Unit 1: Introduction to Machine Learning

Paradigms, workflow and data preprocessing

Learning Outcomes
  • Define machine learning and how it differs from classical programming
  • Distinguish supervised, unsupervised and reinforcement learning
  • Describe the end-to-end machine learning workflow
  • Split and scale data for modelling

What is Machine Learning

Machine learning studies algorithms that improve automatically from data instead of being explicitly programmed. A task is framed as learning a mapping from input features to an output target that generalises to unseen data.

Types of Learning

Supervised learning uses labelled examples for regression and classification, unsupervised learning discovers structure in unlabelled data through clustering and dimensionality reduction, and reinforcement learning learns a policy from rewards.

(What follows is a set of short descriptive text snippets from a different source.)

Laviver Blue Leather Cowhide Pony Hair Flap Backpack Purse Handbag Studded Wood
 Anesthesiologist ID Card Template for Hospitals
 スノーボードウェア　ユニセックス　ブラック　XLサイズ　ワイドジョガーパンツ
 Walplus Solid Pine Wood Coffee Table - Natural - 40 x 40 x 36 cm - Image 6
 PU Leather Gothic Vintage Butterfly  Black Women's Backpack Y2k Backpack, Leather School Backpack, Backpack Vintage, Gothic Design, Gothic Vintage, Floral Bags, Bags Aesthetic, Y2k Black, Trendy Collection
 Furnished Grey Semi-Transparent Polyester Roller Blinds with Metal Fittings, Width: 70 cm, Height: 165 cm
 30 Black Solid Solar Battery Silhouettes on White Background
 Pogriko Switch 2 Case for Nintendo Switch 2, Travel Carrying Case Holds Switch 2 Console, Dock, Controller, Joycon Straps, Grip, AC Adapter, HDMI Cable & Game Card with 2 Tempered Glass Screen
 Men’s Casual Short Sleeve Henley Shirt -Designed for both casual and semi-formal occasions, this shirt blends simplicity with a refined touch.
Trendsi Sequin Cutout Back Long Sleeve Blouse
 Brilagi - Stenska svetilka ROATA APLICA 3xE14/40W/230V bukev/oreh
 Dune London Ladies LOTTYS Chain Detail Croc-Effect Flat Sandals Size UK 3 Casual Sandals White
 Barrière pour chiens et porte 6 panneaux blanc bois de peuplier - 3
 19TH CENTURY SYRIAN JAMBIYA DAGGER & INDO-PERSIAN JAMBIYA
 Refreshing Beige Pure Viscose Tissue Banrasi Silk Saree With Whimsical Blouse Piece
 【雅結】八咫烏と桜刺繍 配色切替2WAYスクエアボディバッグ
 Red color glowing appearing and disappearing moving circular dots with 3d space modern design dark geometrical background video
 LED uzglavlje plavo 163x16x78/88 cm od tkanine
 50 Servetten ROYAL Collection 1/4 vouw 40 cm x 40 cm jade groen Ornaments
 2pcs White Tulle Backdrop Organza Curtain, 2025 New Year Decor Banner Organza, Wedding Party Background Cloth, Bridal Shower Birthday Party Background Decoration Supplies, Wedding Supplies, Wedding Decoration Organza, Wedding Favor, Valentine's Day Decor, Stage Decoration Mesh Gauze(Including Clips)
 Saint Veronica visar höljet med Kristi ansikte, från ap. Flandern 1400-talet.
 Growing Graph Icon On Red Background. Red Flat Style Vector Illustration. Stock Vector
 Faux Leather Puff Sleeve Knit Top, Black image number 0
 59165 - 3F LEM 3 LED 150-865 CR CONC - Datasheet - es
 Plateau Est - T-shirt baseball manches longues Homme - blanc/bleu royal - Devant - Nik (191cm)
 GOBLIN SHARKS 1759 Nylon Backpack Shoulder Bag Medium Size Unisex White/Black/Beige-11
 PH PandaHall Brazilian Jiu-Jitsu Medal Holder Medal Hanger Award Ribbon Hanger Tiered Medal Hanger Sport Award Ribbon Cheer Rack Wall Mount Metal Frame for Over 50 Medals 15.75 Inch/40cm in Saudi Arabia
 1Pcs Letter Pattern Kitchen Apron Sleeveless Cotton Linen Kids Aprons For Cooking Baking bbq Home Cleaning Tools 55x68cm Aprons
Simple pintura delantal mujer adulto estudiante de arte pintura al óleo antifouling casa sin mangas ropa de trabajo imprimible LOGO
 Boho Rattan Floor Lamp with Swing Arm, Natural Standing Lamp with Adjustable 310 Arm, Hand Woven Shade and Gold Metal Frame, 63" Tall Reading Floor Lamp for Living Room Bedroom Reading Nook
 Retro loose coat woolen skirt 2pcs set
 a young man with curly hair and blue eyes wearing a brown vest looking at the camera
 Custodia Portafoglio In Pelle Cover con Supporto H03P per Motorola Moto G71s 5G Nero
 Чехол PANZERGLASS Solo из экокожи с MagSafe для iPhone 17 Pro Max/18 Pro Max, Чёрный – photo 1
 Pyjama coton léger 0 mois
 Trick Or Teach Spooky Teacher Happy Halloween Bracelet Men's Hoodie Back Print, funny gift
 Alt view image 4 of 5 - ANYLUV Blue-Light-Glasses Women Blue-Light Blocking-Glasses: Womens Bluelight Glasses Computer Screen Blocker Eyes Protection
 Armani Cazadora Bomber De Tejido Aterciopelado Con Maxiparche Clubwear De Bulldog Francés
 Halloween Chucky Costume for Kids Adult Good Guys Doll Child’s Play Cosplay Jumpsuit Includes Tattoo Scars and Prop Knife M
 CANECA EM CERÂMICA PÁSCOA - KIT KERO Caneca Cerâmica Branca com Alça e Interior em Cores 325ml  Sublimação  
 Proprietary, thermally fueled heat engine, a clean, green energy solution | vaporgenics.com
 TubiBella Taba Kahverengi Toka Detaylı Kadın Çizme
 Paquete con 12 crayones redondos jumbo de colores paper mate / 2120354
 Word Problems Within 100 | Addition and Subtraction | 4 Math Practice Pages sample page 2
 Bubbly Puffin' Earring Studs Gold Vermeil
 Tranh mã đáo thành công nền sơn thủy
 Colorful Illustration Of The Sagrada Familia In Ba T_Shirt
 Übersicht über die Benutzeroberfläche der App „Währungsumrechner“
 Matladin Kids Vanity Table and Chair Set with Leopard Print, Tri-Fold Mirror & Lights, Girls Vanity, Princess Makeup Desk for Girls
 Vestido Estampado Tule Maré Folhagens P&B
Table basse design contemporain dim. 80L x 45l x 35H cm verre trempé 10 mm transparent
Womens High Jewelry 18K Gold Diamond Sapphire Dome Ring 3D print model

Workflow and Preprocessing

A project flows through data collection, cleaning, feature engineering, a train and test split, model training, evaluation and deployment. Numerical features are scaled and categorical features are encoded before training.

from sklearn.model_selection import train_test_split X_train, X_test, y_train, y_test = train_test_split(X, y, test_size=0.2, random_state=42)

Summary

This unit defined machine learning, separated the three learning paradigms, and walked through the standard workflow with the preprocessing and data-splitting steps that precede modelling.

Exercises

  • Give two real-world examples each of classification and regression.
  • Explain why data is split into training and test sets.
  • List the steps of a typical machine learning project.
  • Describe one situation suited to reinforcement learning.